(BIOTECHFINANCES N°944 Lundi 24 mai 2021) La qualité des équipes ! C’est l’ultime critère, sinon le principal qui peut faire basculer un investisseur en faveur d’un dossier plutôt qu’un autre parmi les 500 candidatures de financement reçues chaque année sur son bureau.
Au-delà de tous les autres prérequis que sont l’excellence de la science, la conformité à la thèse d’investissement, la cible du marché ou les potentiels de sorties, la dimension ressources humaines demeure fondamentale. Les qualités recherchées s’expriment à travers l’aptitude du dirigeant et de ses troupes à porter l’entreprise à vitesse soutenue vers les étapes fixées et même leur propension à aller au-delà des milestones fondamentaux. Savoir tenir les rendez-vous inscrits sur le plan de marche constitue ainsi l’une des clefs de la réussite. La capacité de résilience face à l’échec, mais aussi face à la contradiction constructive des membres du Board ou d’un partenaire industriel, sont les atouts majeurs d’une dream team. Enfin, l’humilité, l’aptitude voire l’abnégation pour s’effacer au profit d’une recrue plus brillante, voire d’un salaire nettement supérieur à tous ceux qui figurent dans la grille de l’entreprise forgent la réussite du projet.
4 CHOSES À SAVOIR POUR NEGOCIER UN BON RECRUTEMENT
Edith Howard et Anne Mascarelli, respectivement directrice générale et Senior consultant chez HTI-Bioquest, un cabinet de ressources humaines dédié aux start-up de la Healthtech reviennent pour nous sur les points cruciaux du recrutement dans un contexte de plus en plus compétitif et fortement perturbé par la crise COVID-19.
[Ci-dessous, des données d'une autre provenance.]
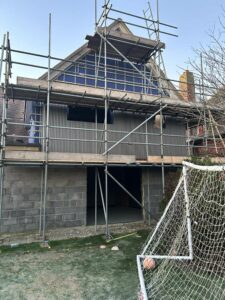 3 storey Scaffolding covers a house extension.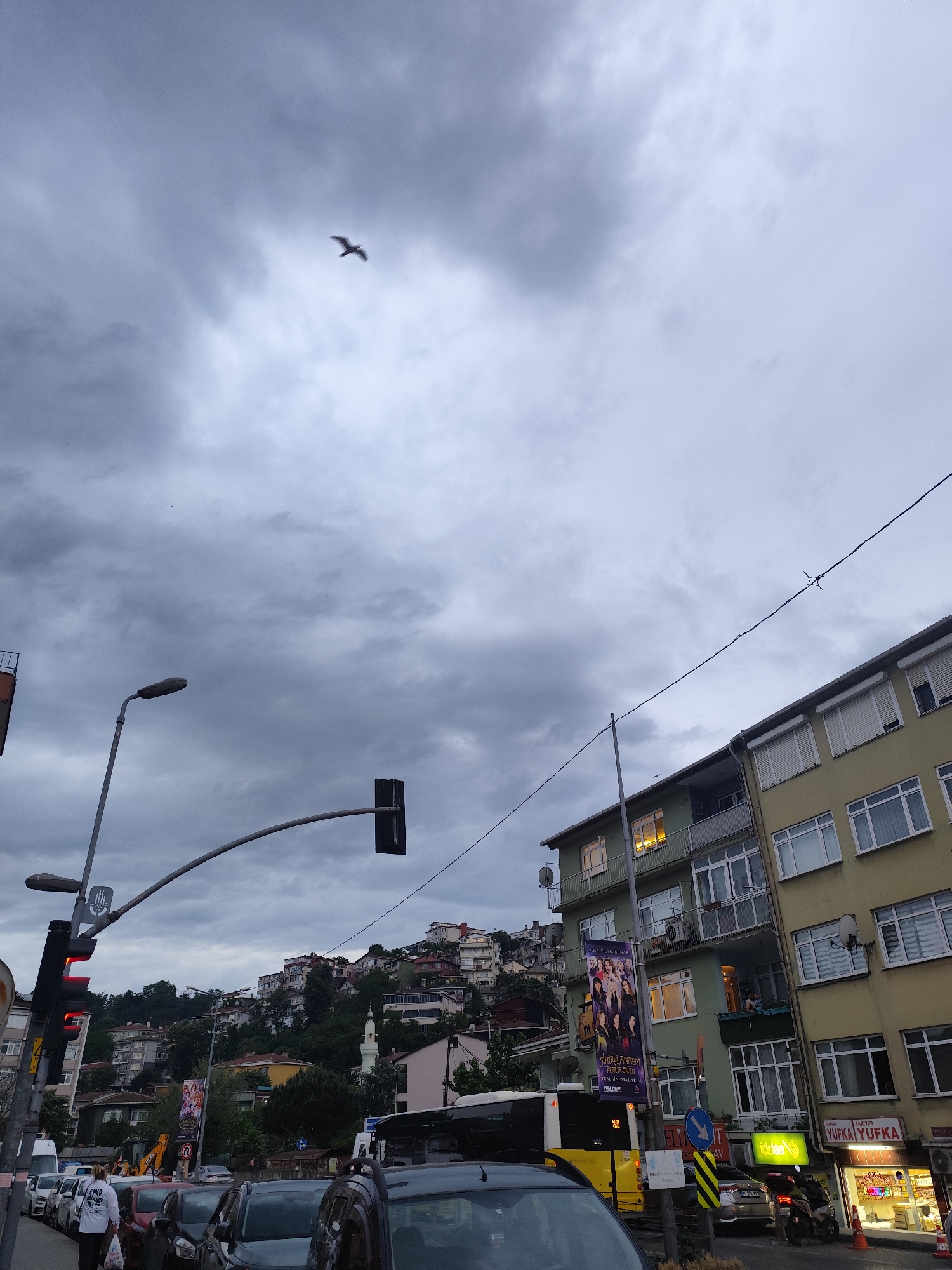 An eye-level shot displays a street scene in Sarıyer, Turkey, under a cloudy sky. A bird flies in the upper-center sky. A cluster of dwellings ascends a hillside. A light-yellow building with windows and balconies stands on the right side. A banner hangs off the side of the building. The storefront of a shop, “YUFKA YUFKA,” is lit up on the lower right. Traffic signals on the left are showing red. Several parked cars line the left side of the street. A yellow bus is behind the cars. A woman wearing a white shirt is walking on the left sidewalk. The scene appears to be a typical day in this urban area.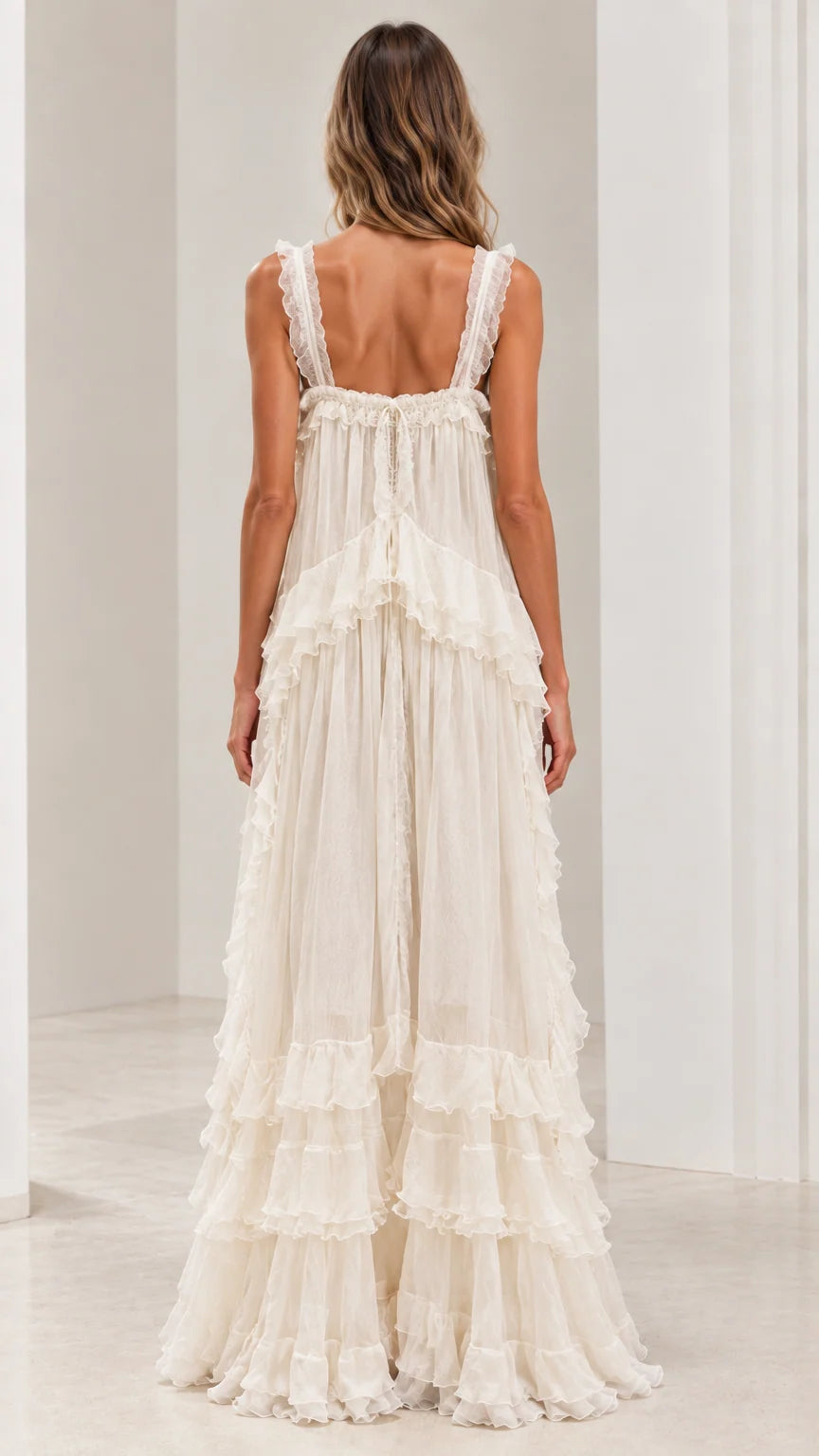 Back view of ivory ruffled strap maxi dress showcasing low back design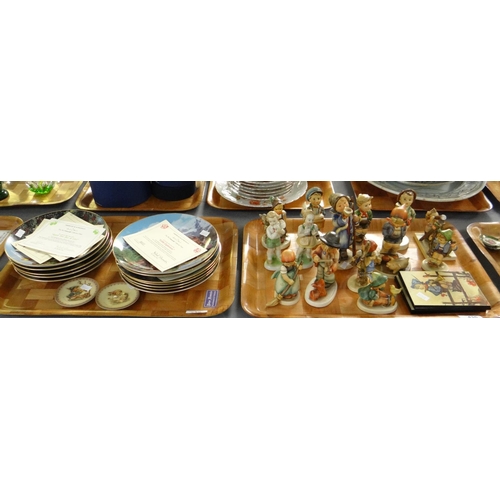 435 - Two trays of West German Goebel Hummel figurines and collectors plates and similar items. (2)
(B.P. ... 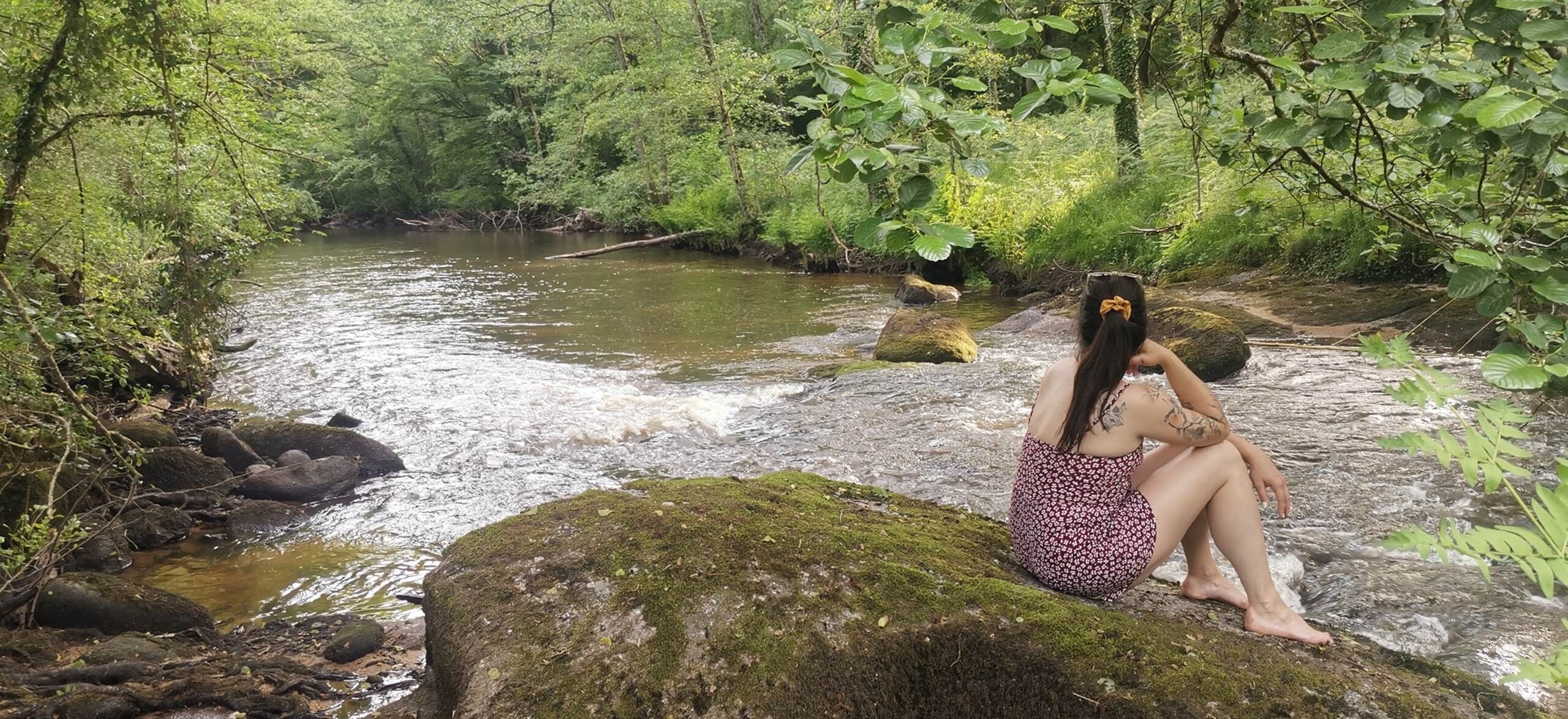 A person sitting on a moss-covered rock by a flowing river in a forested area.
La demande est supérieure à l’offre
La première période de confinement a fortement impacté le volume et la dynamique des recrutements. Les start-up dans leur grande majorité ont revu toutes leurs dépenses à la baisse de façon défensive. Les milestones ont été adaptés – les biotechs et surtout les medtechs les plus touchées ont suspendu, voire arrêté leurs essais cliniques. D’une manière générale les VC ont été très proches des entrepreneurs et les ont aidés à franchir cette période difficile.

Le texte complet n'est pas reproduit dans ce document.